There is virtual unanimity over the proposition that the modern corporation is a complex institution which has played a crucial role in the development of modern Western economies. However, there is much less agreement on what its attributes are and on how and why it has evolved to take on its current form. Prof. Williamson argues that the modern corporation is to be understood mainly as the product of a series of organizational innovations that have had the purpose and effect of economizing on transaction costs.
After discussing the development of the basic corporate form in the nineteenth century, Williamson goes on to analyze what he considers the most significant organizational innovation of the twentieth century: the gradual shift from the centralized, functionally departmentalized or unitary (U-form) structure to the multidivisional (or M-form) configuration.
As corporation activities grew more numerous and complex at the beginning of our century, the inherent weaknesses of the centrally governed, departmentalized company became apparent. Administrative problems such as coordination, appraisal, and policy formulation increased to such an extent that senior executives found themselves unable to handle their entrepreneurial responsibilities efficiently. U-form structure had created a communications over-load in which the welter of details to be attended to hampered concentration on global goals.

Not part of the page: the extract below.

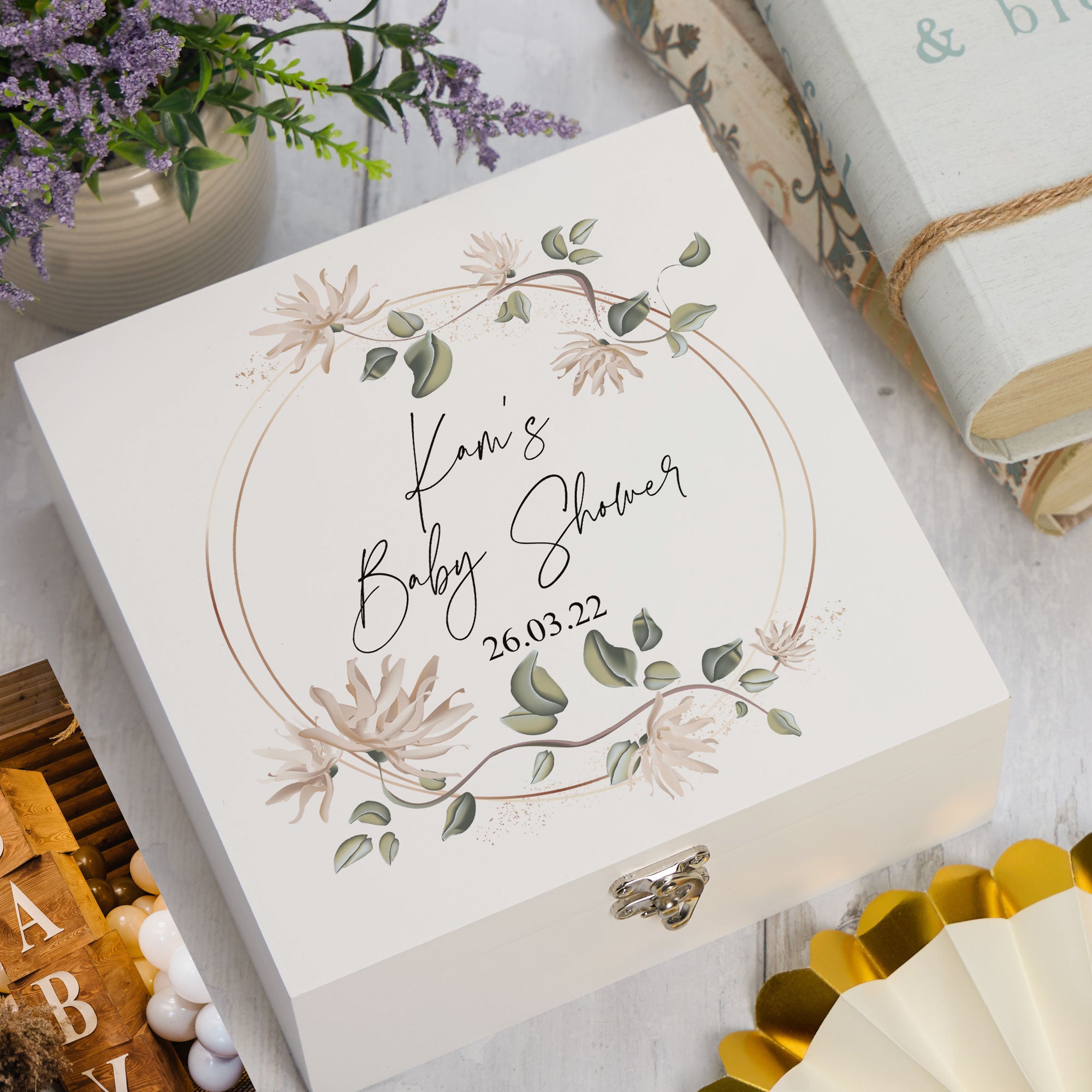 ukgiftstoreonline Personalised Baby Shower Keepsake Memory Box Gift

Responding to this administrative glut, Pierre S. DuPont and Alfred P. Sloan devised the M-form organization for the DuPont Company during the 1920s. This new structural mode involved the creation of semiautonomous operating divisions (mainly profit centers) organized along product, brand, or geographic lines. The operating affairs of each were thus managed separately.

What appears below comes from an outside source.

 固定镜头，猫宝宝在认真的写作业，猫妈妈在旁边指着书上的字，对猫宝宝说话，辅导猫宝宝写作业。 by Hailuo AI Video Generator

DuPont and Sloan saw, however, that more than a change in decomposition rules was needed for the M-form to be fully effective. They thus created a general office consisting of a number of powerful general executives and large advisory and financial staffs to monitor divisional performance and engage in strategic planning. In this way, the M-form removed executives responsible for the destiny of the entire enterprise from routine operational activities, and so gave them the time, information, and even psychological commitment for longterm planning and appraisal. Although the structure was imitated very slowly at first, adoption by U.S. firms proceded rapidly from 1945 to 1960. Wide acceptance of this form by European companies has occurred from the 1960s to the present.

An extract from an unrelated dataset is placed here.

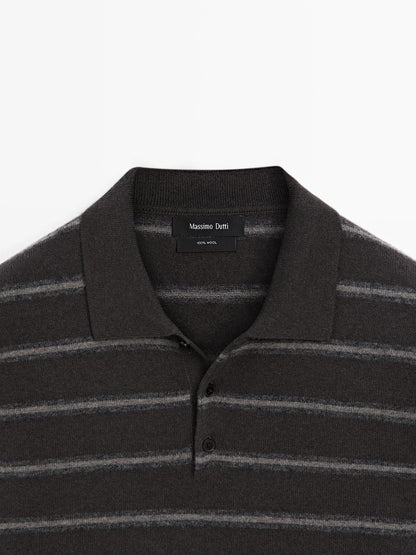 Striped knit polo sweater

The American advance in adopting the M-form innovation enabled the U.S. to pioneer in the development of two extremely potent corporate forms: the conglomerate and the multinational. Both structures have been severely criticized since their inception. Nonetheless, in Prof. Williamson's view, the significant transaction cost economizing effected by both warrants more sympathetic assessments.
Specifically, conglomerates in their diversity have shown themselves to be superbly equipped for allocating resources to valued uses. The activities of the multinational, on the other hand, have been selective in a most positive way—being concentrated in the more technologically progressive industries where higher rates of research and development are reported and where technology transfer poses greater difficulties. Multinationals can smoothly transmit new technical knowledge from one national branch to another. This obviates the often thorny dilemma of a foreign company which buys information, the exact value of which will not be known until after the sale has been consummated. Thus, patterns of direct foreign investment by multinationals cannot simply be explained as the pursuit of monopoly, as is so often charged. On the contrary, these investment patterns are, on the whole, consistent with effective transaction-cost reasoning.